[ASSIGNED TASK]:
Give back the entries in full, exactly as they are written.

[SUPPLIED DATA]:
########################################

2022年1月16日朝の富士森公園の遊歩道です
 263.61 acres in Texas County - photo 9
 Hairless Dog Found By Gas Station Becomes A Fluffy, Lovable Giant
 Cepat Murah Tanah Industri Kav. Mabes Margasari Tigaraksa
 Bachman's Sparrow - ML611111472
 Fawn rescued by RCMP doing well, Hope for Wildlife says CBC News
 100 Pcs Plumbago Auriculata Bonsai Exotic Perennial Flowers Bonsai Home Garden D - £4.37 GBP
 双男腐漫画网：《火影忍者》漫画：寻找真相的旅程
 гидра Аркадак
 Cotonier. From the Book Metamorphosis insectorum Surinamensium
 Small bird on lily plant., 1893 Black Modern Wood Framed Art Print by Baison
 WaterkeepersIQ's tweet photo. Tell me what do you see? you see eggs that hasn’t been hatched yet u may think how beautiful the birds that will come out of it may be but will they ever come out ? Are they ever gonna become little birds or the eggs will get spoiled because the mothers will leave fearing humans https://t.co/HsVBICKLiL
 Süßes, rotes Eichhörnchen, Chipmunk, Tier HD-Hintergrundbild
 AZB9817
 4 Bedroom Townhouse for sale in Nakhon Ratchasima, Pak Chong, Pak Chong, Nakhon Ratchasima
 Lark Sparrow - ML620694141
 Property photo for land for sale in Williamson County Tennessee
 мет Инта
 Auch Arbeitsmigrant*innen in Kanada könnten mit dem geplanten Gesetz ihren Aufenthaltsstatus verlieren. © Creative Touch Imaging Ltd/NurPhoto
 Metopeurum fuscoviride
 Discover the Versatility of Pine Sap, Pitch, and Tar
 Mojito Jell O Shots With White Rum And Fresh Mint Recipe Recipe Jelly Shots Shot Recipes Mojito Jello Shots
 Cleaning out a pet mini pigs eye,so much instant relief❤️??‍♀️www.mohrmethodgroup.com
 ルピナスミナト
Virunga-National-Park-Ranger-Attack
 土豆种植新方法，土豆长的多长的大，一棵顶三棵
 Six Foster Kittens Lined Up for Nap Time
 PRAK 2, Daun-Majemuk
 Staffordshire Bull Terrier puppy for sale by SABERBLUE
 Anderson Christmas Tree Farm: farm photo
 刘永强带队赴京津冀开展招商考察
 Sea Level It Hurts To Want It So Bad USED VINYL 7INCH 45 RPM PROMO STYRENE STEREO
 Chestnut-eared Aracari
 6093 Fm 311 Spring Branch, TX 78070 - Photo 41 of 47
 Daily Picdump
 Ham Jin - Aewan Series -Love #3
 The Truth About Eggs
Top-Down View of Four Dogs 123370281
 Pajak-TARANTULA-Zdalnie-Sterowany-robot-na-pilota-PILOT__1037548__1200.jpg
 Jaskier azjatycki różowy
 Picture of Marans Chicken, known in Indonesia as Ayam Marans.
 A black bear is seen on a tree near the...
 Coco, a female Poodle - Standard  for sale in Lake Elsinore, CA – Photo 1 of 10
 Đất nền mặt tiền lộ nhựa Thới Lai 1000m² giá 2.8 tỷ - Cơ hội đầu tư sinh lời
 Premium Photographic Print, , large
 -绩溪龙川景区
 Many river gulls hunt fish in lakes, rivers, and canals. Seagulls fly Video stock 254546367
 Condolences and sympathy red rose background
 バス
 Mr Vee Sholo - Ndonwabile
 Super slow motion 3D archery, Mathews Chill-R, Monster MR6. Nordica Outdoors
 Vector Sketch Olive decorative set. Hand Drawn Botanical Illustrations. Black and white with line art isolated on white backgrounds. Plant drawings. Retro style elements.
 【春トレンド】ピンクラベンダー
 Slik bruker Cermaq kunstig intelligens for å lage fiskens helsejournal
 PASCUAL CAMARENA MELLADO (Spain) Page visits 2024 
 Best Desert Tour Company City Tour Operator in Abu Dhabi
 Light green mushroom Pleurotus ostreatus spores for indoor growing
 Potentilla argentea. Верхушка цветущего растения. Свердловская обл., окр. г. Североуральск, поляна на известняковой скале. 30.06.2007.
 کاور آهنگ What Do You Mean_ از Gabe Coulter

########################################

[REPLY TO THE TASK]:
2022年1月16日朝の富士森公園の遊歩道です
 263.61 acres in Texas County - photo 9
 Hairless Dog Found By Gas Station Becomes A Fluffy, Lovable Giant
 Cepat Murah Tanah Industri Kav. Mabes Margasari Tigaraksa
 Bachman's Sparrow - ML611111472
 Fawn rescued by RCMP doing well, Hope for Wildlife says CBC News
 100 Pcs Plumbago Auriculata Bonsai Exotic Perennial Flowers Bonsai Home Garden D - £4.37 GBP
 双男腐漫画网：《火影忍者》漫画：寻找真相的旅程
 гидра Аркадак
 Cotonier. From the Book Metamorphosis insectorum Surinamensium
 Small bird on lily plant., 1893 Black Modern Wood Framed Art Print by Baison
 WaterkeepersIQ's tweet photo. Tell me what do you see? you see eggs that hasn’t been hatched yet u may think how beautiful the birds that will come out of it may be but will they ever come out ? Are they ever gonna become little birds or the eggs will get spoiled because the mothers will leave fearing humans https://t.co/HsVBICKLiL
 Süßes, rotes Eichhörnchen, Chipmunk, Tier HD-Hintergrundbild
 AZB9817
 4 Bedroom Townhouse for sale in Nakhon Ratchasima, Pak Chong, Pak Chong, Nakhon Ratchasima
 Lark Sparrow - ML620694141
 Property photo for land for sale in Williamson County Tennessee
 мет Инта
 Auch Arbeitsmigrant*innen in Kanada könnten mit dem geplanten Gesetz ihren Aufenthaltsstatus verlieren. © Creative Touch Imaging Ltd/NurPhoto
 Metopeurum fuscoviride
 Discover the Versatility of Pine Sap, Pitch, and Tar
 Mojito Jell O Shots With White Rum And Fresh Mint Recipe Recipe Jelly Shots Shot Recipes Mojito Jello Shots
 Cleaning out a pet mini pigs eye,so much instant relief❤️??‍♀️www.mohrmethodgroup.com
 ルピナスミナト
Virunga-National-Park-Ranger-Attack
 土豆种植新方法，土豆长的多长的大，一棵顶三棵
 Six Foster Kittens Lined Up for Nap Time
 PRAK 2, Daun-Majemuk
 Staffordshire Bull Terrier puppy for sale by SABERBLUE
 Anderson Christmas Tree Farm: farm photo
 刘永强带队赴京津冀开展招商考察
 Sea Level It Hurts To Want It So Bad USED VINYL 7INCH 45 RPM PROMO STYRENE STEREO
 Chestnut-eared Aracari
 6093 Fm 311 Spring Branch, TX 78070 - Photo 41 of 47
 Daily Picdump
 Ham Jin - Aewan Series -Love #3
 The Truth About Eggs
Top-Down View of Four Dogs 123370281
 Pajak-TARANTULA-Zdalnie-Sterowany-robot-na-pilota-PILOT__1037548__1200.jpg
 Jaskier azjatycki różowy
 Picture of Marans Chicken, known in Indonesia as Ayam Marans.
 A black bear is seen on a tree near the...
 Coco, a female Poodle - Standard  for sale in Lake Elsinore, CA – Photo 1 of 10
 Đất nền mặt tiền lộ nhựa Thới Lai 1000m² giá 2.8 tỷ - Cơ hội đầu tư sinh lời
 Premium Photographic Print, , large
 -绩溪龙川景区
 Many river gulls hunt fish in lakes, rivers, and canals. Seagulls fly Video stock 254546367
 Condolences and sympathy red rose background
 バス
 Mr Vee Sholo - Ndonwabile
 Super slow motion 3D archery, Mathews Chill-R, Monster MR6. Nordica Outdoors
 Vector Sketch Olive decorative set. Hand Drawn Botanical Illustrations. Black and white with line art isolated on white backgrounds. Plant drawings. Retro style elements.
 【春トレンド】ピンクラベンダー
 Slik bruker Cermaq kunstig intelligens for å lage fiskens helsejournal
 PASCUAL CAMARENA MELLADO (Spain) Page visits 2024 
 Best Desert Tour Company City Tour Operator in Abu Dhabi
 Light green mushroom Pleurotus ostreatus spores for indoor growing
 Potentilla argentea. Верхушка цветущего растения. Свердловская обл., окр. г. Североуральск, поляна на известняковой скале. 30.06.2007.
 کاور آهنگ What Do You Mean_ از Gabe Coulter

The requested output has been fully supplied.